ASSIGNED TASK - Set the images aside and retype the whole listing exactly.

GIVEN INFORMATION -
=== Begin Enclosure ===
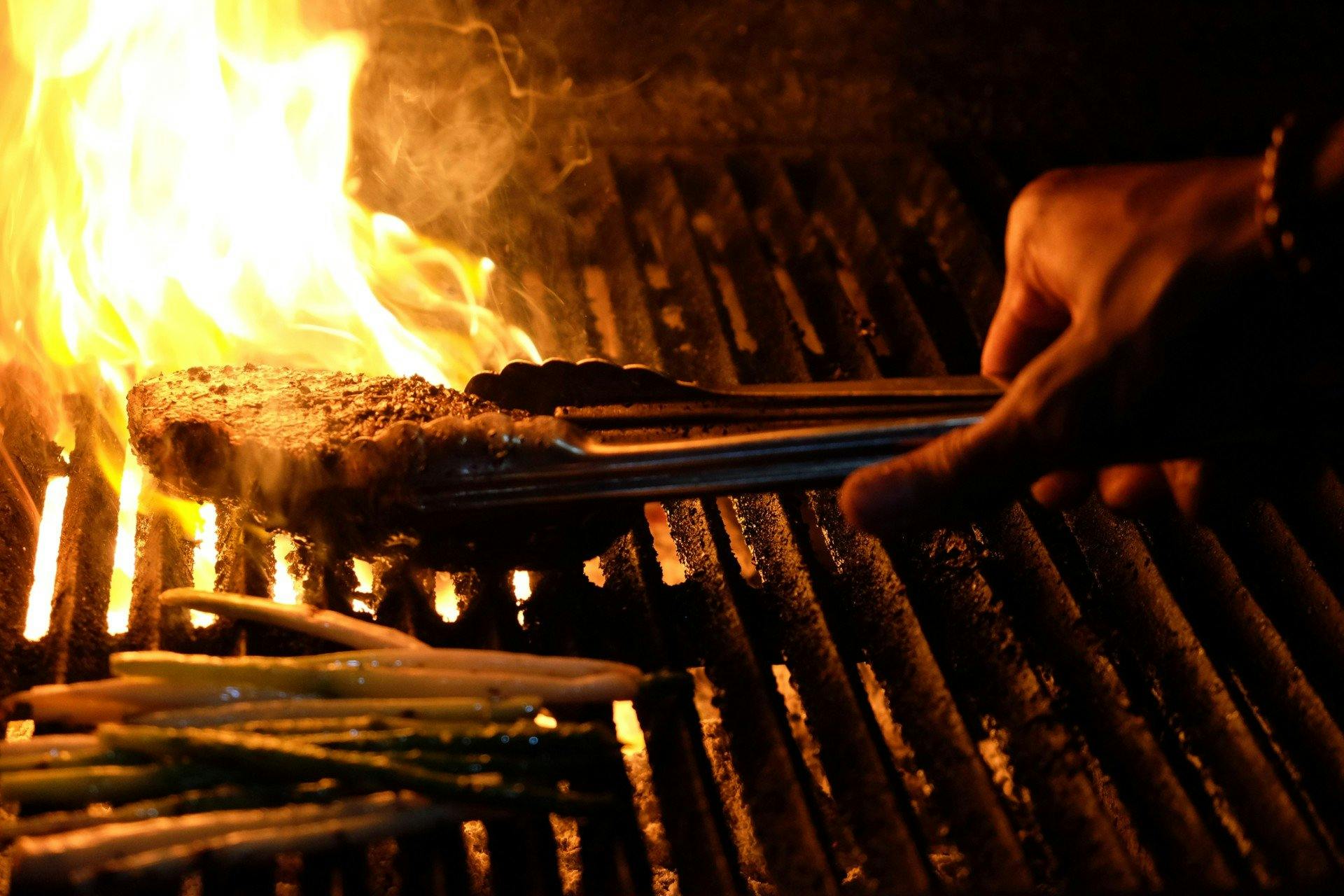 Fire Cooking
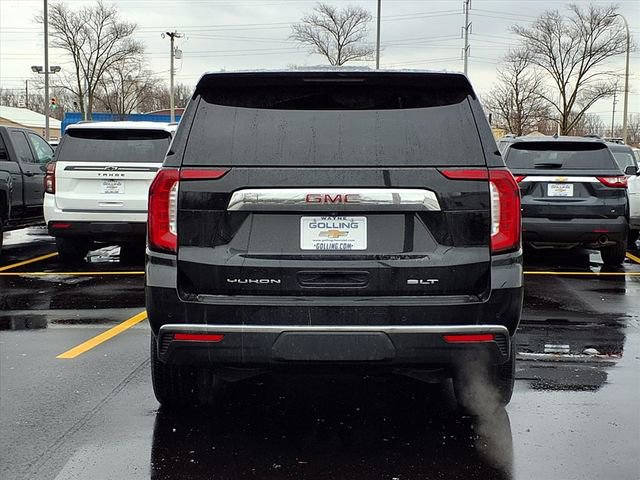 Used 2022 GMC Yukon SLT w/ SLT Premium Package image 25
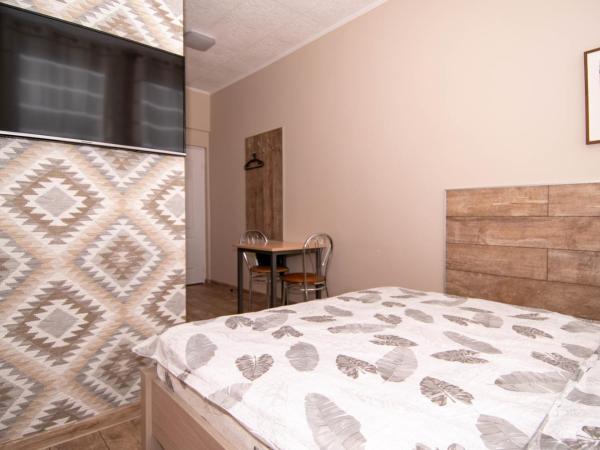 Noclegi Elan : photo 2 de la chambre chambre double deluxe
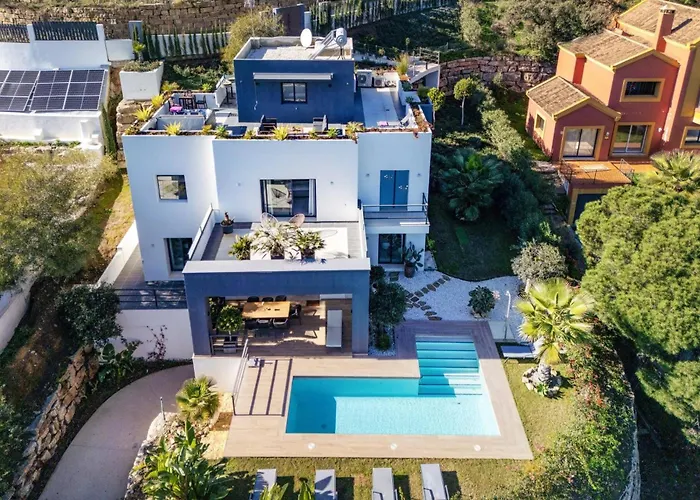 Villa Anna Sol By Marbella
=== End Enclosure ===
ANSWER SECTION -
 Fire Cooking
 Used 2022 GMC Yukon SLT w/ SLT Premium Package image 25
 Noclegi Elan : photo 2 de la chambre chambre double deluxe
 Villa Anna Sol By Marbella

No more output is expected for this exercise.